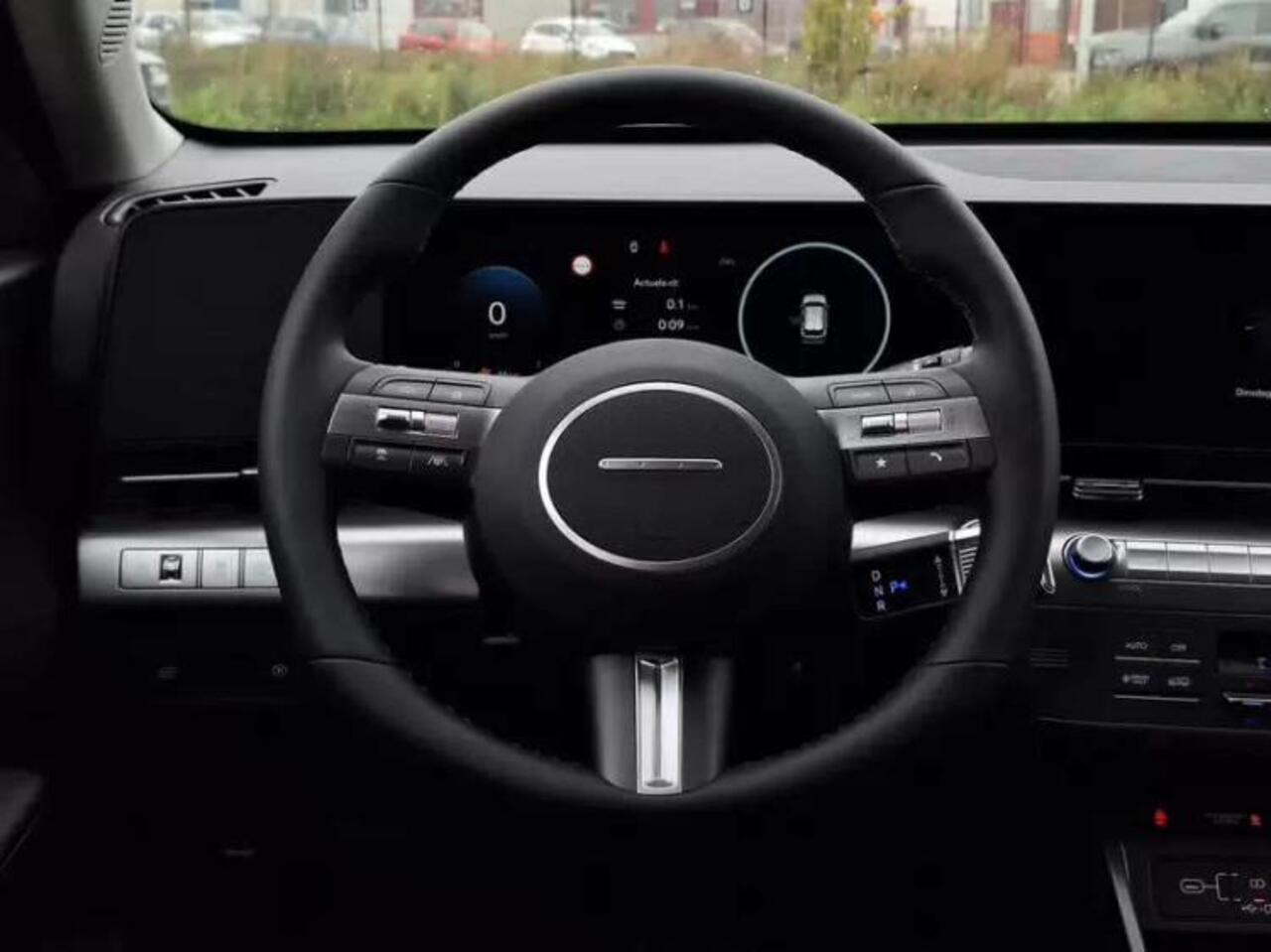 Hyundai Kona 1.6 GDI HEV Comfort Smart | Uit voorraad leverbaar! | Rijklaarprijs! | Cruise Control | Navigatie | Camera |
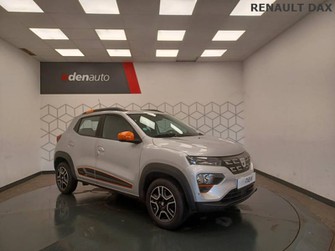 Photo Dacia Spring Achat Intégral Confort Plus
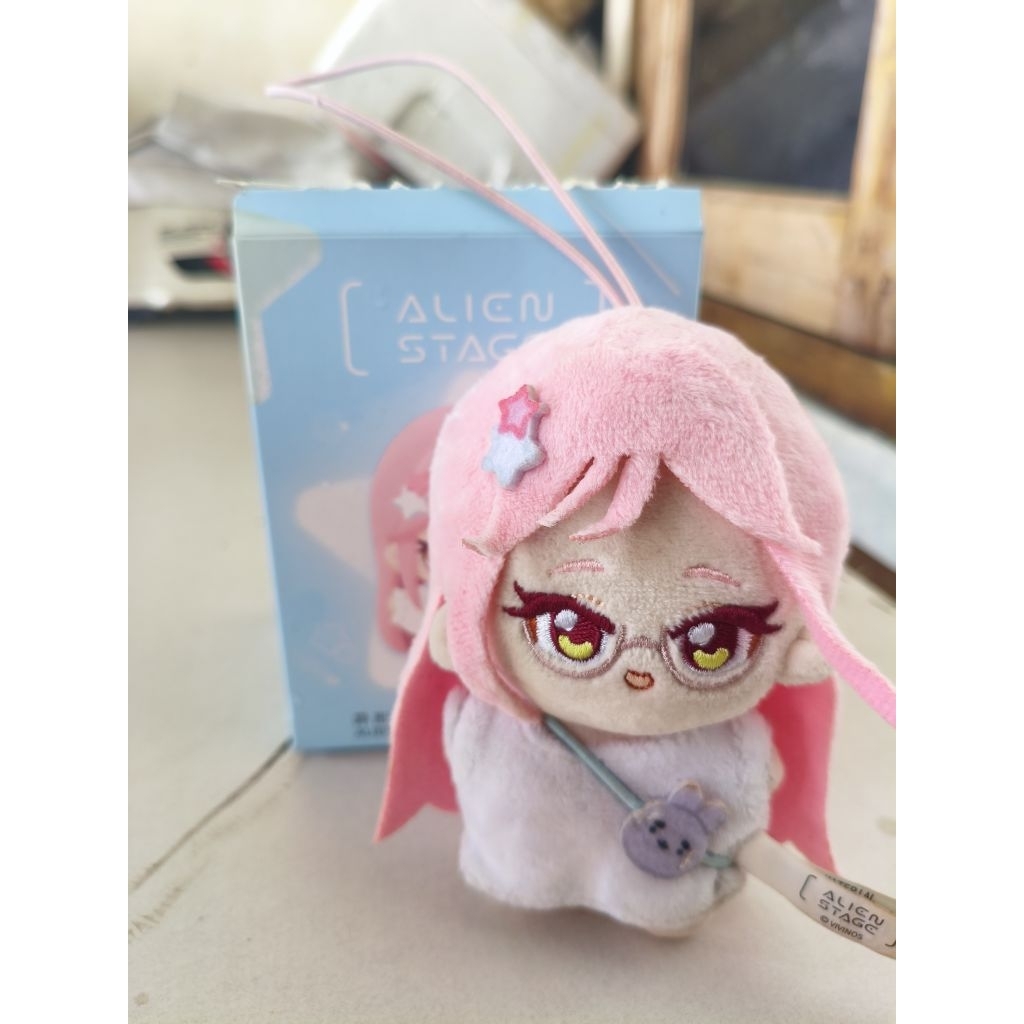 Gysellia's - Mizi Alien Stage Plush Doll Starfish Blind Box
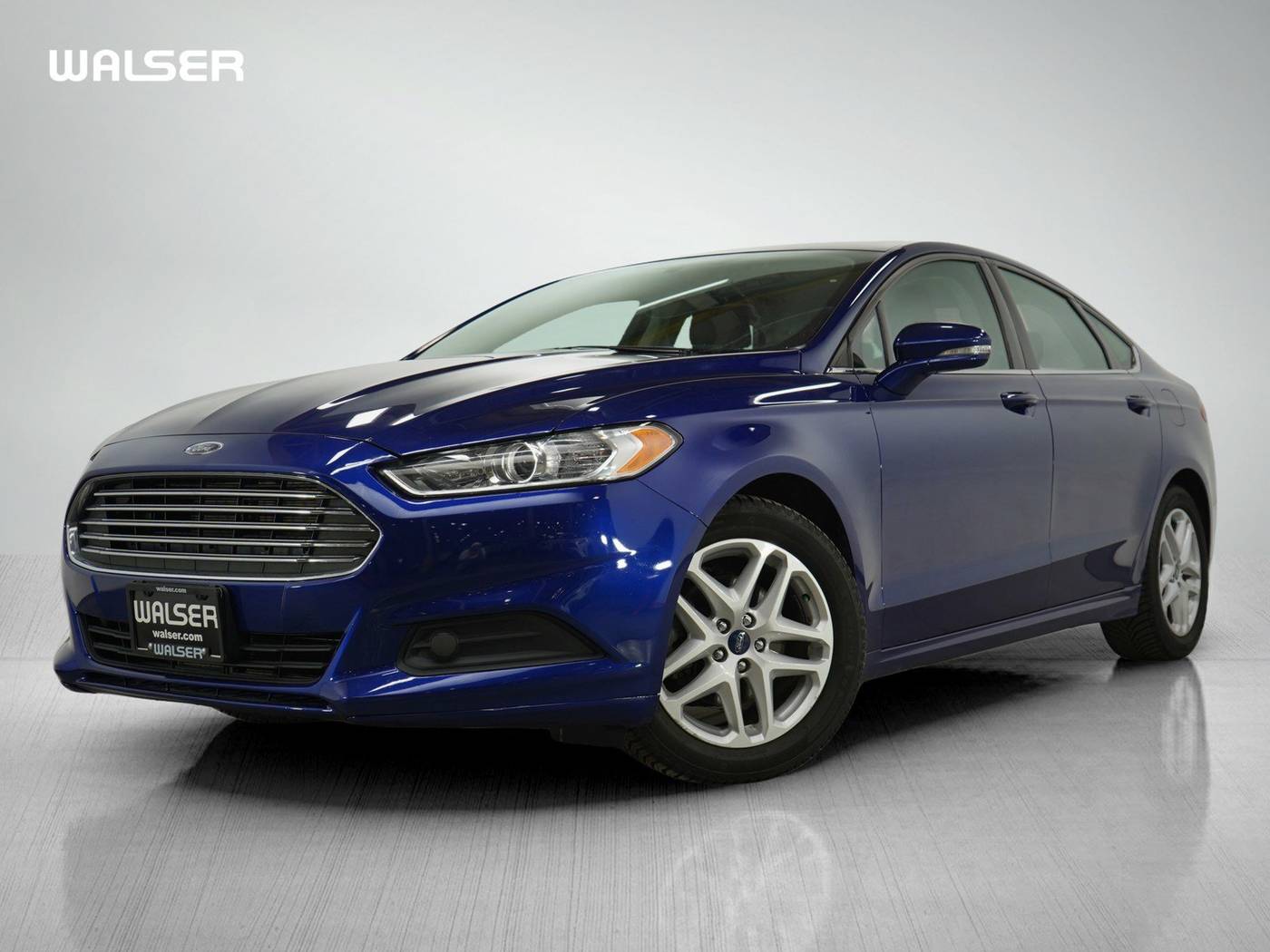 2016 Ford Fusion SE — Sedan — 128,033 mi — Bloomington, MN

WHAT TO WORK ON | Print the entire listing above verbatim. No picture should be included.

RESPONSE TO THE TASK |
 Hyundai Kona 1.6 GDI HEV Comfort Smart | Uit voorraad leverbaar! | Rijklaarprijs! | Cruise Control | Navigatie | Camera |
 Photo Dacia Spring Achat Intégral Confort Plus
 Gysellia's - Mizi Alien Stage Plush Doll Starfish Blind Box
 2016 Ford Fusion SE — Sedan — 128,033 mi — Bloomington, MN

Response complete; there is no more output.